Small businesses, family businesses, and close corporations are common and offer special opportunities to create and preserve value in a way that can be very personally meaningful. However, these businesses can also be fraught with issues of mismanagement, failure to follow controlling documents, or disappointed expectations. Pre-litigation advice is a key tool for avoiding or minimizing such issues, while litigation advice is vital to resolving them favorably when they arise. Below are five issues to consider when trying to minimize or resolve disputes in small or family businesses or close corporations. Morse litigators can help you with these and other issues.
1. Is the company a Massachusetts corporation?
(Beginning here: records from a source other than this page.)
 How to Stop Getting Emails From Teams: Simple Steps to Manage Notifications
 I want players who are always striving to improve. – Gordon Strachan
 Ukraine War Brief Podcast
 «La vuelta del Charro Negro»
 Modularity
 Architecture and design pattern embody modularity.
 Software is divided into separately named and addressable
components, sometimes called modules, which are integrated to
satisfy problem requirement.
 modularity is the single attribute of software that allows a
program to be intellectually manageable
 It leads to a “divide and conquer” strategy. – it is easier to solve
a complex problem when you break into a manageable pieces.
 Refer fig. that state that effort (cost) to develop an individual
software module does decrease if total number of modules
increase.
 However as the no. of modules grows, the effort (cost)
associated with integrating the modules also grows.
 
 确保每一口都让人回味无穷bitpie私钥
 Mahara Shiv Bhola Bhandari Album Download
In a Massachusetts corporation, majority shareholders owe minority shareholders an utmost duty of loyalty. Rules are different for companies incorporated in other states.
2. Is the company an LLC or partnership?
Partners owe each other a duty of loyalty, but duties owed in an LLC differ depending on LLC membership.
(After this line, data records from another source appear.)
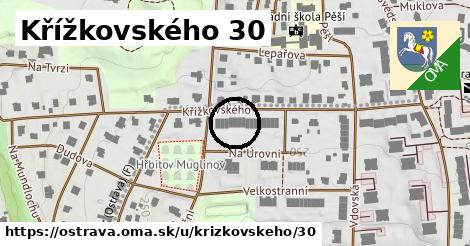 Křížkovského 30, Ostrava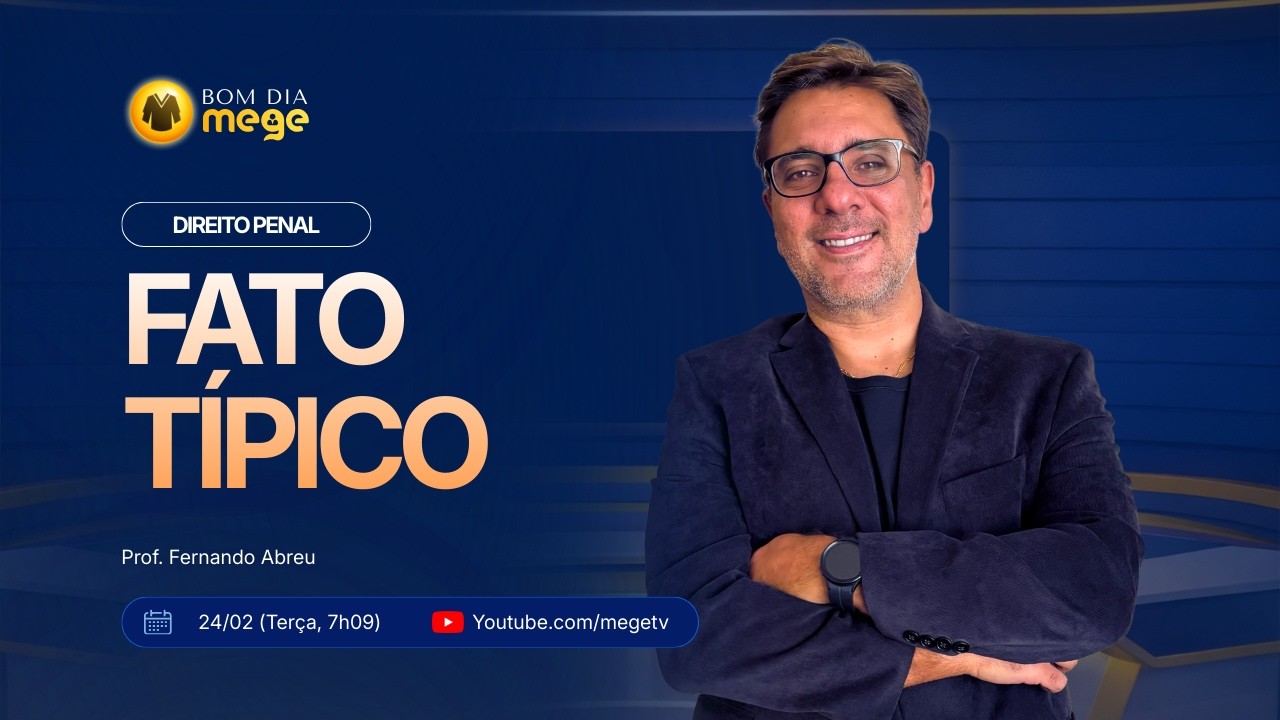 BOM DIA MEGE: Direito Penal (Fato típico no direito penal) #43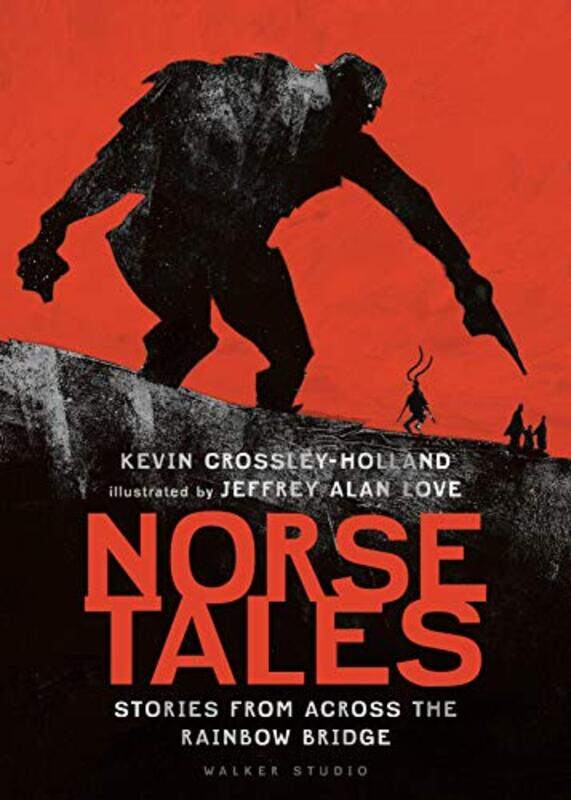 

Norse Tales Stories from Across the Rainbow Bridge by Kevin Crossley-HollandJeffrey Alan Love-Hardcover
3. Who will lead the entity after the current leader retires?
Many close corporations face challenges involving the retirement of a founder or important business leader. Sometimes disputes arise about whether to split the company, merge with another company, or otherwise rearrange the way an entity’s assets are deployed.
4. Is the family business merely one piece of a larger issue involving family estate planning?
Serving as a trustee of a family trust, being a beneficiary of a trust, managing a family business, being a shareholder of a family business, or co-owning real estate with extended family members as joint tenants or through a trust: all of these situations come with competing rights and responsibilities that legal counsel can help explain.
5. Will existing problems be passed on to the next generation?
Dealing with issues now by expending the time and energy needed to course-correct for a smoother future will prove to be a gift for future company leadership, whether managers or owners.